La melatonina, conocida principalmente como un suplemento para mejorar la calidad del sueño, podría tener un nuevo rol en la medicina: el tratamiento del dolor crónico. Un reciente análisis de múltiples ensayos clínicos sugiere que este compuesto podría ser tan efectivo como los analgésicos convencionales, incluyendo opioides y antiinflamatorios, en la reducción del dolor persistente. Esta investigación, publicada en la revista Pain, ha generado un nuevo interés en la melatonina como opción terapéutica, especialmente en un contexto donde la dependencia de medicamentos más peligrosos se ha convertido en una preocupación creciente.

Los investigadores, liderados por Kangchao Wu de la Universidad de Sídney, revisaron datos de más de 2.000 participantes de 23 ensayos clínicos controlados. Estos individuos presentan diversas dolencias, desde dolor lumbar y artritis hasta fibromialgia, así como aquellos en recuperación de cirugías ortopédicas. Los resultados revelaron que, en promedio, la melatonina logró disminuir el dolor hasta 10 puntos en una escala de 0 a 100, lo que es comparable a la efectividad de analgésicos ampliamente utilizados como el paracetamol o el naproxeno.

La relevancia de este hallazgo radica no solo en la efectividad de la melatonina como analgésico, sino también en su perfil de seguridad y coste. Según Wu, "la melatonina ya está disponible en muchos hogares, es económica y sabemos que es segura". Esto abre la puerta a su uso como un tratamiento alternativo para quienes sufren de dolor crónico, a la vez que se reduce la necesidad de recurrir a medicamentos que pueden tener efectos secundarios graves.
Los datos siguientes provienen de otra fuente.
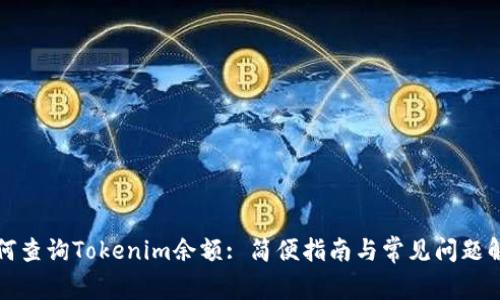 如何查询Tokenim余额: 简便指南与常见问题解答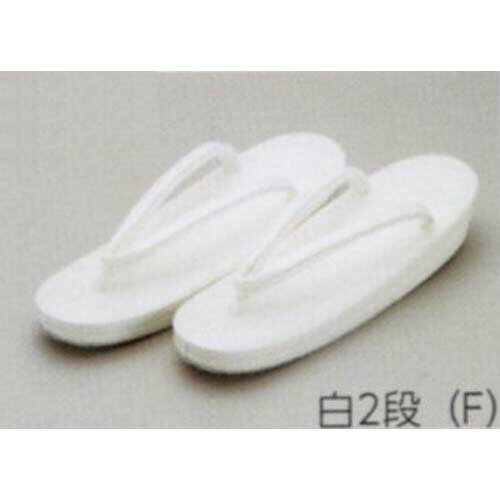 サンムラー 花嫁草履 2段（4cm）　白　F（ 24.0～24.5cm）　#20120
Otro aspecto a considerar es la relación entre el sueño y el dolor. Wu menciona que para muchos pacientes, el dolor no se presenta de forma aislada, sino que está íntimamente ligado a trastornos del sueño. La melatonina, al actuar sobre ambos problemas, se convierte en una opción doblemente útil para quienes enfrentan estas condiciones. Esto sugiere que el enfoque hacia el tratamiento del dolor podría necesitar una reevaluación, considerando la calidad del sueño como un factor clave en la gestión del dolor crónico.

El estudio también resalta la importancia de la reutilización de medicamentos, una práctica que permite aplicar tratamientos ya existentes de nuevas maneras. Paulo Ferreira, director del Centro de Investigación Musculoesquelética de la Universidad de Sídney, enfatiza que se está utilizando un fármaco conocido para abordar un problema que afecta a un amplio sector de la población mundial. Esto no solo podría beneficiar a los pacientes, sino también facilitar el desarrollo de nuevas estrategias de tratamiento que sean más seguras y accesibles.

Sin embargo, a pesar de los resultados alentadores, los investigadores advierten sobre la necesidad de más estudios a gran escala para validar y profundizar en los efectos analgésicos de la melatonina. Además, se sugiere que cualquier persona interesada en utilizar este suplemento con fines analgésicos debe consultar a un médico antes de hacerlo. La idea no es que la melatonina reemplace todos los analgésicos, sino que se considere como una opción viable dentro del arsenal terapéutico disponible para el manejo del dolor crónico. Con una mayor comprensión y evidencia, la melatonina podría convertirse en un aliado valioso en la lucha contra el dolor.